TASK GOAL: Your response should contain every line from the data below that holds the string "position".

DATA LISTING:
● ● ● ●
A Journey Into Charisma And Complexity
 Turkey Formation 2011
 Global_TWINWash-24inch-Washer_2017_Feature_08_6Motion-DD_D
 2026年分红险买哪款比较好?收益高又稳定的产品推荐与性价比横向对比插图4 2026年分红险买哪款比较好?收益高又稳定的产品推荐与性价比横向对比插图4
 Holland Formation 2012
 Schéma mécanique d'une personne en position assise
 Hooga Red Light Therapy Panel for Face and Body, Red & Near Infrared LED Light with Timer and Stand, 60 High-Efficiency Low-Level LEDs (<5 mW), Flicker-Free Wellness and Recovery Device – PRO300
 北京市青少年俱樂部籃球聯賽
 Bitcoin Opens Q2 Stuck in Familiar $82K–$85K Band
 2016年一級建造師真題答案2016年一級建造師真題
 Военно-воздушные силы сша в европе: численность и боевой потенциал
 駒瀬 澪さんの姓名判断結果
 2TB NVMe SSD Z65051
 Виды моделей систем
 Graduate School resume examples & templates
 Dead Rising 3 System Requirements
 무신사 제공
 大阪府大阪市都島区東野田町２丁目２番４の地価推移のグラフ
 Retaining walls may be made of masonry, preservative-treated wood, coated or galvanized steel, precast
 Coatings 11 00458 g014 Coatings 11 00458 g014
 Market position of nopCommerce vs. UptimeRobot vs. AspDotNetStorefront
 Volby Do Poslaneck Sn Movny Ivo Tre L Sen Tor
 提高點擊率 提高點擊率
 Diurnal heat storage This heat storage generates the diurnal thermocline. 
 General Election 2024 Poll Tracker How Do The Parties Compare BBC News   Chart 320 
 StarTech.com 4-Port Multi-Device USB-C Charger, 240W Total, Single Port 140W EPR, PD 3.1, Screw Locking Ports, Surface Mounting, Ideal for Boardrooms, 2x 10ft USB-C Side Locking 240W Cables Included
● ● ● ●
RESPONSE TO THIS TASK:
 Schéma mécanique d'une personne en position assise
 Market position of nopCommerce vs. UptimeRobot vs. AspDotNetStorefront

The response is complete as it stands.